Um bom amigo ou amiga nos ilumina com seu olhar. Sinto maior felicidade em poder afirmar que tenho uma grande amizade que me acompanha por trinta e sete anos. Um relacionamento que começou numa sala de aula, entre adolescentes, num dos melhores anos que já vivemos.
Toda vez que eu vejo a flotilha com ajuda humanitária em direção à Gaza penso que estaríamos juntos nessa missão. E estamos, da maneira que podemos. Não silenciando o genocídio de Gaza e insistindo para que todo povo tem direito a existir.
O meu amigo sempre ajudou, mesmo não dizendo nada, a imaginar o futuro plantando sementes boas no presente. O desafio é que um mundo tem lá das suas. Não é feito só de gente legal, tem muito joio por aí.
Das vezes que vou às ruas do Brasil contra esse sistema econômico predatório e práticas políticas autoritárias e corrosivas da democracia, carrego comigo meu amigo. Do lado de dentro. Na certeza de que, de onde estiver, ele estará sempre abraçado com lindos ideais. Foi bem assim nos anos que antecederam a primeira eleição direta no país, e em tantas outras ocasiões.
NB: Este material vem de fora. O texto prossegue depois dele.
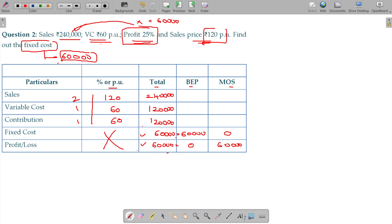So what you earn to meet the fixed costs will be equivalent to when the profit is also the same. Contribution minus fixed costs minus profit = 60, which gives us the fixed cost.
Muito diferentes um do outro, a gente amou essa possibilidade de se amar tanto a partir da aceitação mútua. E expondo claramente todas as discordâncias, exageros, lacunas, erros. Toda amizade profunda tem um pouco de nudez envolvida. A ressonância do olhar do amigo vê a nossa alma muito além do que podemos imaginar.
Nossa amizade se faz também em momentos profundo de silêncio. Tem ainda a distância física. E os sonhos que a gente nutre e não tem medo de falar um para o outro.
Eu por exemplo carrego infinitamente o desejo de ir com ele a Oslo, por causa de uma paixão musical. Essa mesma que nos fez ir juntos a um show da banda A-há no Recife, já adultos.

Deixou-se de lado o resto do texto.